*** STORED DATA ***
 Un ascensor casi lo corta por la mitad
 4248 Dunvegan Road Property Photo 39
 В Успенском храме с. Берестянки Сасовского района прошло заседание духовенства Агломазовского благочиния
*** End of STORED DATA ***
▶ [INSTRUCTIONS TO FOLLOW]:
What this exercise asks for is the data above, retyped exactly.

▶ [FINISHED TASK]:
 Un ascensor casi lo corta por la mitad
 4248 Dunvegan Road Property Photo 39
 В Успенском храме с. Берестянки Сасовского района прошло заседание духовенства Агломазовского благочиния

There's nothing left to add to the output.